For QTL mapping on CAR, the original variable was used, and for QTL mapping on SP, the average performance deviations (APD) were obtained by averaging individual random residuals (\(\mathbf{e}\)) and summing-up the genetic and non genetic animal effects (\(\mathbf{p}+\mathbf{g}\)).

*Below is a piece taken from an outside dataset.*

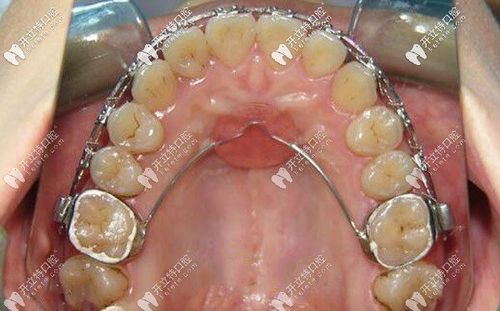 nance弓正畸图片能展示哪些具体矫正细节？-图2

Linkage disequilibrium and linkage analysis and quantitative trait loci variance

A genome scan to detect genomic regions that are associated with resistance to MAP was carried out on 43,390 50 K SNP positions by using the method proposed by Usai et al. [59]⁠. This method uses principal components (PC) to summarize identity-by-descent probabilities (IBD) between gametes of genotyped individuals. Therefore, the paternal and maternal transmitted gametes (named gametes hereafter) of the genotyped individuals were first reconstructed by the linkage disequilibrium multilocus iterative peeling method [73]⁠ using genotype and pedigree information. Then, at each 50 K SNP position \({\text{l}}\), a matrix (\({\mathbf{Q}}_{\mathbf{l}}\)) allocating IBD probabilities between gametes of phenotyped individuals was built by combining linkage disequilibrium and linkage analyses (LDLA). The IBD between segments of Lacaune origin (inherited from F1 sires) and segments of Sarda origin was set to 0. Moreover, a genome-wide IBD matrix (\({\mathbf{Q}}_{\mathbf{g}}\)) was calculated by averaging all the \({\mathbf{Q}}_{\mathbf{l}}\) to account for the polygenic effects. At this stage, Usai et al. [59]⁠ proposed the use of principal component analysis to summarize the information of \({\mathbf{Q}}_{\mathbf{l}}\) and \({\mathbf{Q}}_{\mathbf{g}}\) to overcome the nonpositive definiteness of \({\mathbf{Q}}_{\mathbf{l}}\) and to limit the computational needs in handling both IBD matrices. The final model does not include random effects other than the residuals and is solved by a weighted least squares method.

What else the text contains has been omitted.